Johnson's began taking photographs in 1910 and ended around 1926. He took over 500 photographs. He photographed in cities other than Lincoln, including Kansas City, Missouri and Omaha, Nebraska. His black and white photographs were noted for their high contrast and natural lighting. His family portraits often showed subjects in their homes, on their porches, or outside their house. He also made many glass plate negatives of buildings and parades. Johnson did not show African-American people as poor or inferior. He typically portrayed families as well-educated and proud, by photographing them as well-dressed and posed confidently.

== Legacy ==
Johnson's photos fit into a midwestern version of the Harlem Renaissance. By portraying dignified African-Americans, Johnson encouraged their confidence and self-expression. Johnson's work is one of the earliest contributions to the movement.

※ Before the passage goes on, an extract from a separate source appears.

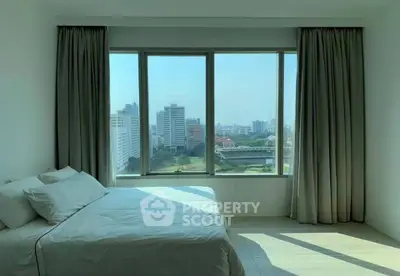 Spacious bedroom with panoramic city view and natural light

Johnson's work was largely forgotten until historians found some of Johnson's glass negatives in 1999. After reading an article about the negatives, Douglas Keister connected them to a collection of negatives he bought at a garage sale. Originally, historians thought the photographs were taken by Earl McWilliams, an assistant at a photography studio in Lincoln. However, after talking to an elderly woman in Lincoln, they determined the photographer to be Johnson. Johnson's work has been displayed in the National Museum of African American History and Culture and the Museum of Nebraska Art.

== Exhibitions ==
- A Greater Spectrum: African American Artists of Nebraska 1912–2010, on view at the Museum of Nebraska Art from December 4, 2010 to April 3, 2011.
- Black and White in Black and White exhibit, on view at the Greeley History Museum from February 17 to May 28, 2022.
- Recovered Views-African American Portraits 1912–1925, on view at Grimshaw-Gudewicz Art Gallery from September 1 to October 5, 2006
- Recovered Views: African-American Portraits, 1912–1925, on view at SUNY Fredonia from March 31 to April 25, 2008.